- INSTRUCTIONS TO FOLLOW:
Return every line below as is, leaving out the pictures.

- SUPPLIED INFORMATION:
_____
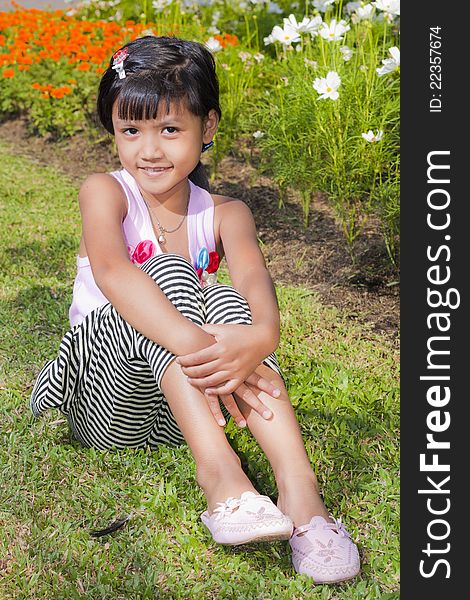 Little asian girl smile with shallow focus on flowers background. Little asian girl smile with shallow focus on flowers background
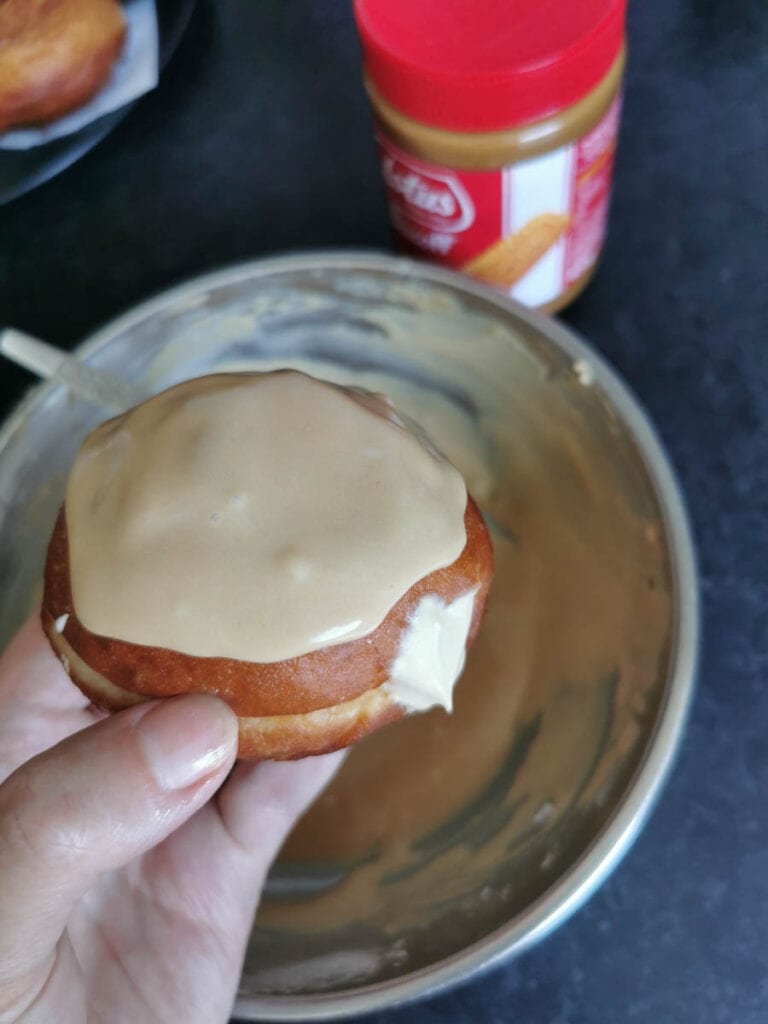 a hand holding a cream filled doughnut topped with Biscoff glaze, a silver bowl of biscoff icing and a jar of Biscoff spread.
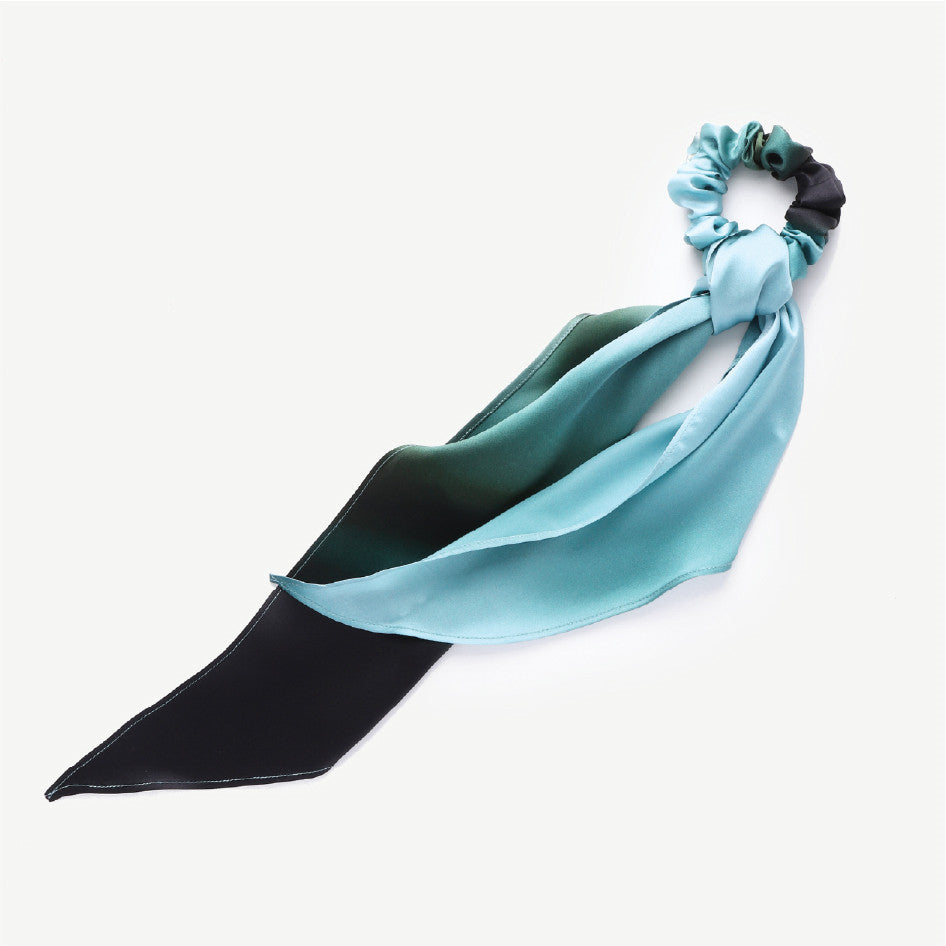 Turquoise and black hair scarf with a scrunchie on a white background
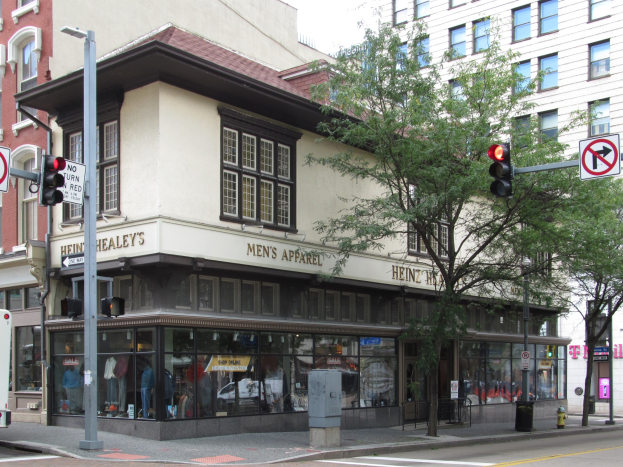 Eine belebte Straßenkreuzung mit einem geparkten Bus, Gebäuden, Bäumen, Laternen, Ampeln, Schildern und einem Kaufhaus mit Schaufensterpuppen in Kleidern vor einem sichtbaren Himmel.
_____
- ANSWER TO THE PROBLEM:
 Little asian girl smile with shallow focus on flowers background. Little asian girl smile with shallow focus on flowers background
 a hand holding a cream filled doughnut topped with Biscoff glaze, a silver bowl of biscoff icing and a jar of Biscoff spread.
 Turquoise and black hair scarf with a scrunchie on a white background
 Eine belebte Straßenkreuzung mit einem geparkten Bus, Gebäuden, Bäumen, Laternen, Ampeln, Schildern und einem Kaufhaus mit Schaufensterpuppen in Kleidern vor einem sichtbaren Himmel.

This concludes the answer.